Lawrence Berkeley National Laboratory
Extracting baseline electricity usage using gradient tree boosting
- Author(s): Kim, T
- Lee, D
- Choi, J
- Spurlock, A
- Sim, A
- Todd, A
- Wu, K
- et al.
Published Web Locationhttps://sdm.lbl.gov/oapapers/DataCom2015_kim_report.pdf
© 2015 IEEE. To understand how specific interventions affect a process observed over time, we need to control for the other factors that influence outcomes. Such a model that captures all factors other than the one of interest is generally known as a baseline. In our study of how different pricing schemes affect residential electricity consumption, the baseline would need to capture the impact of outdoor temperature along with many other factors. In this work, we examine a number of different data mining techniques and demonstrate Gradient Tree Boosting (GTB) to be an effective method to build the baseline.
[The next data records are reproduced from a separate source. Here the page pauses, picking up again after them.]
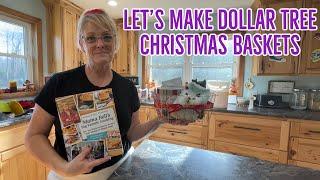 Just the Bells 10 is live! Let’s Make Dollar Tree Christmas Baskets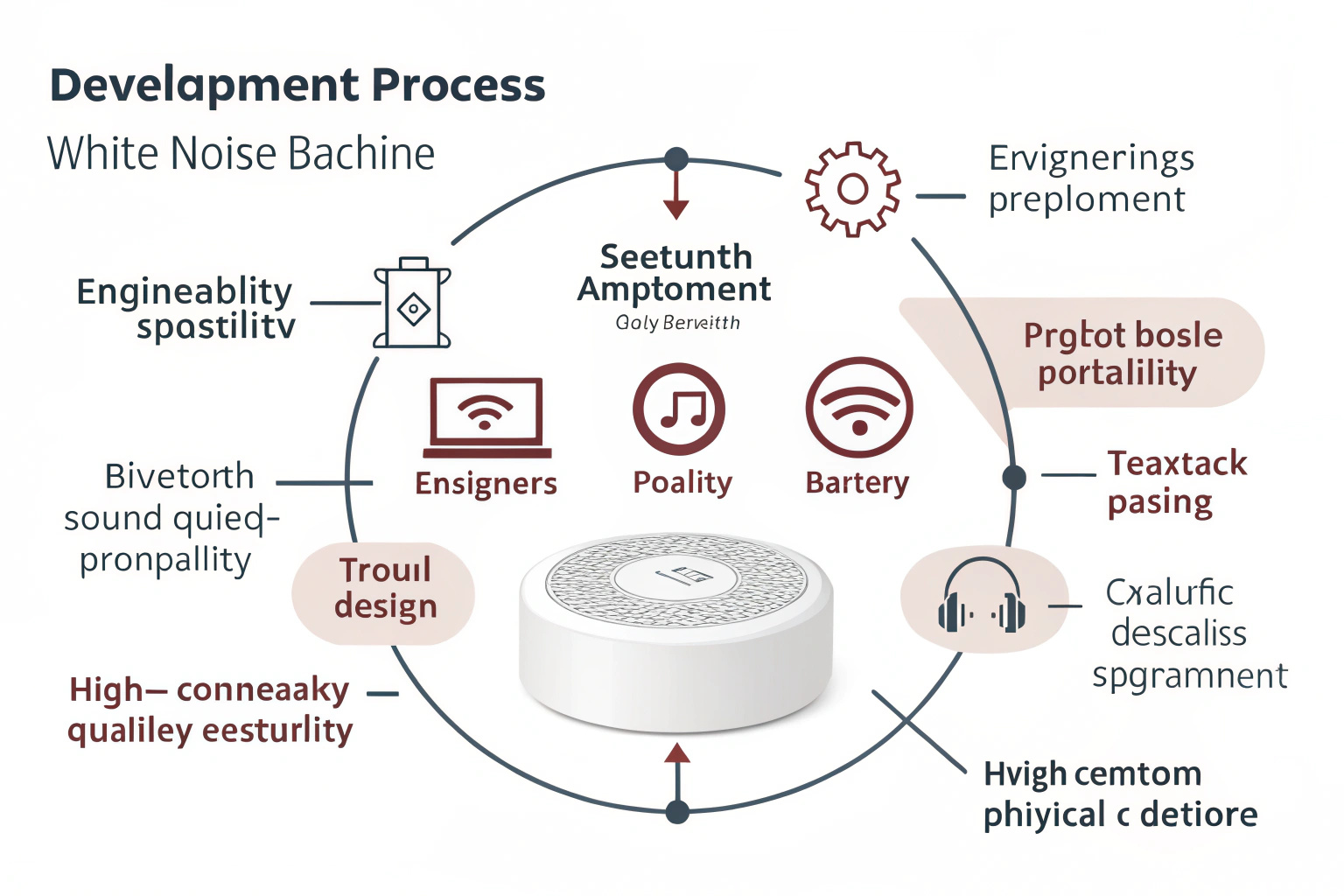 How Are White Noise Machines Designed and Manufactured
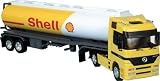 Picture Of Mercedes Actros Tanker Shell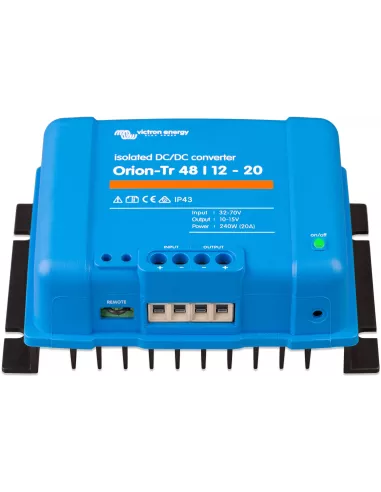 Convertisseur de tension isolé DC/DC Orion-Tr 48/12-20 (240W) VICTRON ENERGY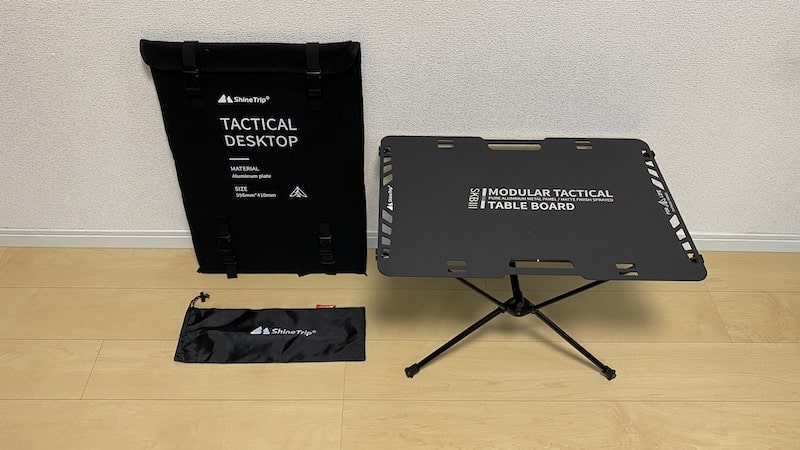 ネイバーフッド ヘリノックス ソリッド テーブル天板のみ NEIGHBORHOOD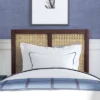 Serena Wood And Cane Panel Headboard - Hillsdale Furniture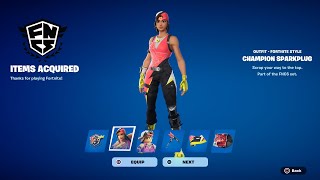 Fortnite Item Shop  FNCS C5S3 Bundle Review amp Gameplay [upl. by Nosila]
We train GTB on data prior to the introduction of new pricing schemes, and apply the known temperature following the introduction of new pricing schemes to predict electricity usage with the expected temperature correction. Our experiments and analyses show that the baseline models generated by GTB capture the core characteristics over the two years with the new pricing schemes. In contrast to the majority of regression based techniques which fail to capture the lag between the peak of daily temperature and the peak of electricity usage, the GTB generated baselines are able to correctly capture the delay between the temperature peak and the electricity peak. Furthermore, subtracting this temperature-adjusted baseline from the observed electricity usage, we find that the resulting values are more amenable to interpretation, which demonstrates that the temperature-adjusted baseline is indeed effective.